Material Removal Model of Robot Surface Polishing Based on Elastic-plastic Contact

CHENG Dingyi, CHEN Manyi, CHANG Mingshuai   

  1. School of Mechanical and Electrical Engineering, Wuhan University of Technology, Wuhan 430070
  • Received:2024-04-22 Revised:2024-08-18 Published:2025-07-12

摘要: 机器人在曲面抛光过程中,为了适应工件表面曲率的变化,刀具姿态需灵活多变。而刀具姿态的变化会影响磨粒在刀具-工件接触区域的压力分布和速度分布,使得材料去除深度的准确预测变得复杂。为此,提出一种结合刀具姿态和材料去除机理的机器人曲面抛光材料去除建模方法。该方法利用Hertz接触理论和刀具姿态建立球形磨头与曲面接触区域的压力分布与磨粒速度分布;针对如何计算磨粒造成的材料去除深度这一难点,结合磨粒特性与弹塑性接触理论建立单颗磨粒压力与压痕深度的关系;在此基础上,结合压力分布、速度分布、磨粒特性和压痕深度得到单位接触长度的材料去除深度,最后将其沿着抛光轨迹积分建立材料去除模型。仿真与试验结果表明,材料去除模型预测值与试验值最大相对误差为4.92%,平均相对误差为2.61%,验证了该建模方法的可行性。该模型的建立可为机器人曲面抛光过程中的精确控制提供理论基础,对工件材料去除的均匀性和抛光质量的改善具有重要意义。

关键词: 机器人曲面抛光, 刀具姿态, 磨粒特性, 材料去除模型

Abstract: In order to adapt to the change of workpiece surface curvature, the tool orientation needs to be flexible during robot polishing. However, both the pressure and velocity distribution of abrasive particles in the tool-workpiece contact region are subject to the changes of tool orientation, which will make the accurate prediction of the material removal depth complicated. Therefore, a novel material removal modeling method for robot surface polishing combining tool orientation and material removal mechanism is proposed. Firstly, Hertz contact theory and tool orientation are used to establish the pressure distribution and abrasive particle velocity distribution in the contact area between ball-end tool and curved surface. Aiming at the difficulty of calculating the material removal depth caused by abrasive particles, the relationship between single abrasive particle pressure and indentation depth is established by combining abrasive particle properties and elastic-plastic contact theory. Subsequently, the material removal depth per unit contact length is obtained by combining both the pressure and velocity distribution, abrasive particle properties and indentation depth.

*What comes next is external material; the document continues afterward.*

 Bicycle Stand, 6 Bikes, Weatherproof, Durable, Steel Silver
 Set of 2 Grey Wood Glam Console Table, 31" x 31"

Finally, the material removal model is established by integrating along the polishing tool trajectory. The simulation and experimental results demonstrate that the maximum relative error between the material removal model prediction value and the experimental value is 4.92%, and the average relative error is 2.61%, which verifies the feasibility of the modeling method. The novel model can not only lay a theoretical foundation for the precise control of the robot surface polishing, but also is of great significance to the uniformity of workpiece material removal and the improvement of polishing quality.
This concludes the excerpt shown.